Referring to FIG. 29, the controller 60 may switch the valve device 400 into the fourth mode based on the compressor 110 being off (e.g., 0 to t1, t5 to t6 and t12˜).

During operation (0 to t6 and t7 to t12) of the compressor 110, the controller 60 may operate the valve device 400 in a first mode, a second mode or a third mode.

In an embodiment, the controller 60 may switch the valve device 400 into the first mode from the fourth mode based on the compressor 110 being on (t1).

In the first mode, the controller 60 may operate the valve device 400 in the fridge-first mode when the refrigerator 1 operates in the fridge mode (t1 to t2 and t11 to t12).

In the meantime, in the first mode, the controller 60 may operate the valve device 400 in the freezer-first mode when the refrigerator 1 operates in the freezer mode (t5 to t6 and t7 to t8).

In an embodiment, the controller 60 may switch the valve device 400 into the second mode from the first mode based on termination of the first mode (t2 and t8).

In the second mode, the controller 60 may operate the valve device 400 in the fridge-second mode when the refrigerator 1 operates in the fridge mode (t2 to t3).

In the meantime, in the second mode, the controller 60 may operate the valve device 400 in the freezer-second mode when the refrigerator 1 operates in the freezer mode (t8 to t9).

In an embodiment, the controller 60 may switch the valve device 400 into the third mode from the second mode based on termination of the second mode (t3 and t9).

In the third mode, the controller 60 may operate the valve device 400 in the fridge-third mode when the refrigerator 1 operates in the fridge mode (t3 to t4 and t10 to t11).

In the meantime, in the third mode, the controller 60 may operate the valve device 400 in the freezer-third mode when the refrigerator 1 operates in the freezer mode (t4 to t5 and t9 to t10).

FIG. 29 illustrates mode switching behaviors of the valve device 400 for schematic description, but the mode switching behaviors of the valve device 400 are not limited thereto.

Although a period in which the valve device 400 operates in the first mode is shown in FIG. 29 as being shorter than a period in which the valve device 400 operates in the third mode, the period in which the valve device 400 operates in the third mode may be longer than the period in which the valve device 400 operates in the first mode depending on various conditions.

A period in which the valve device 400 operates in the second mode may be shorter than the period in which the valve device 400 operates in the first mode/third mode.

Furthermore, as described above, the controller 60 may switch the valve device 400 into the second mode from the fourth mode based on the compressor 110 being on (t1 and t7). In this case, the valve device 400 may be switched in the sequence of the second mode, the third mode, and the first mode.

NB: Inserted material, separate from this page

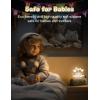 imageL LOHAS LED Cute Toaster Night Lights for Kids Kawaii Stuff Horse Desk Lamp Rechargeable Desk Decor for Bedroom Besides Dinning Nursery Night Light for Kids Boys Girls GiftsCake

FIG. 30 is a flowchart illustrating an example of a method of controlling a refrigerator, according to an embodiment.

Referring to FIG. 30, the controller 60 may operate the compressor 110 based on an operation condition of the compressor 110 being satisfied.

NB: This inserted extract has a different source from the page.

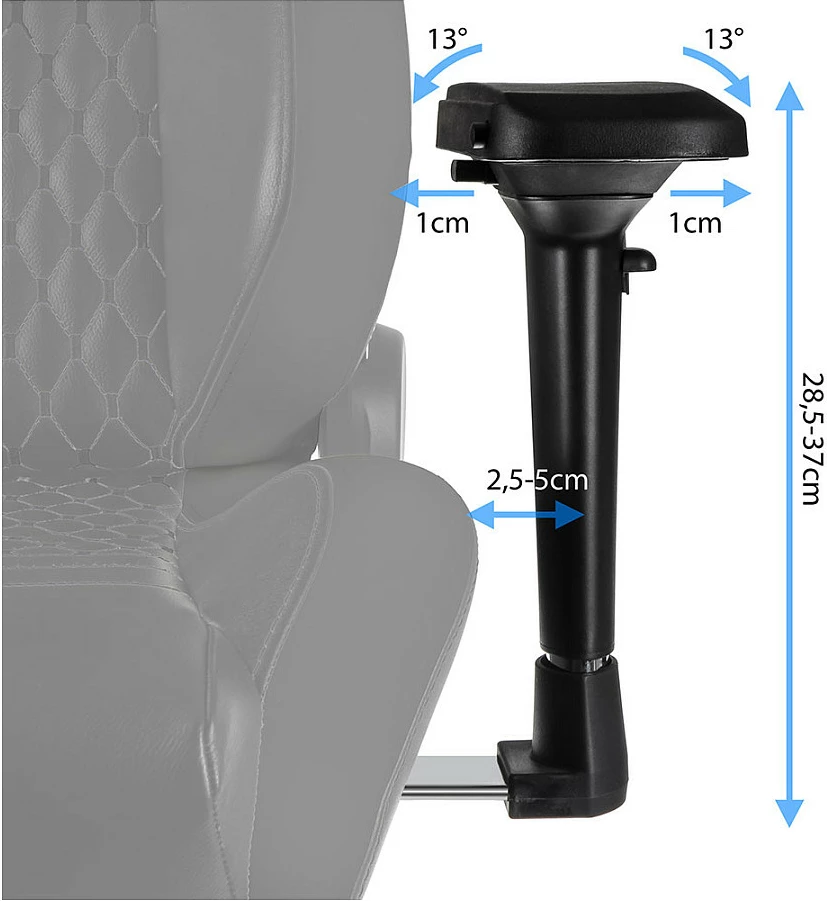 Karrige gaming Noblechairs EPIC, e zezë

In an embodiment, when the cold air supplier 100D includes one capillary tube, fridge operation and freezer operation may not be separated.

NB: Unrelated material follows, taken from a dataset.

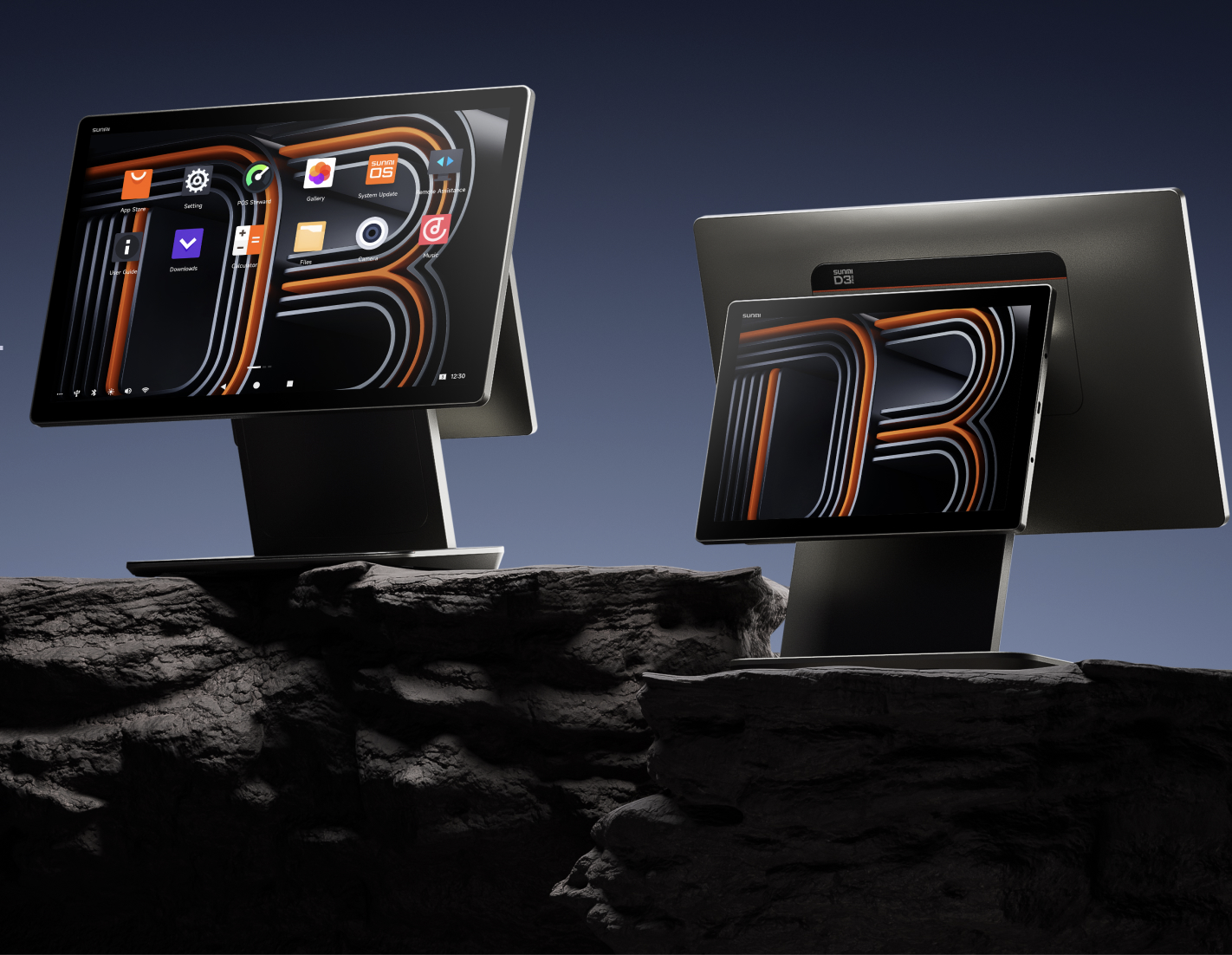 Commercial-grade WyndMe point-of-sale terminals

During operation of the compressor 110 in 2000, the controller 60 may operate the valve device 400 in a first mode, a second mode and a third mode in 2100, 2200 and 2300. The controller 60 may switch the valve device 400 into the fourth mode based on the compressor 110 being off in 1000, in 2400.

In this case, unlike the aforementioned embodiment, as the cold air supplier 100D includes the single capillary tube 155, each of the first, second and third modes may not be divided into two modes according to the operation mode of the refrigerator 1.

In other words, unlike in the flowchart as shown in FIG. 14, the first mode, the second mode and the third mode are not each divided according to the fridge or freezer operation in the flowchart shown in FIG. 30.

The description of the cold air supplier 100A, 100B and 100C may be applied to the cold air supplier 100D except that the first, second and third modes are not each divided according to the fridge or freezer operation.

Although it is shown that the controller 60 operates the valve device 400 in a sequence of the first mode, the second mode and the third mode, the controller 60 may operate the valve device 400 in a sequence of the first mode, the second mode and the third mode or the second mode, the third mode and the first mode based on the compressor 110 being started to operate.

For example, the controller 60 may operate the valve device 400 in the first mode based on the compressor 110 being started to operate.

Furthermore, the controller 60 may operate the valve device 400 in the second mode based on the compressor 110 being started to operate.

The controller 60 may switch the valve device 400 to a fourth mode based on the compressor 110 being off in 2000 while the valve device 400 is operating in the first, second, or third mode.

FIG. 31 illustrates flows of a refrigerant through a valve device operating in a first mode.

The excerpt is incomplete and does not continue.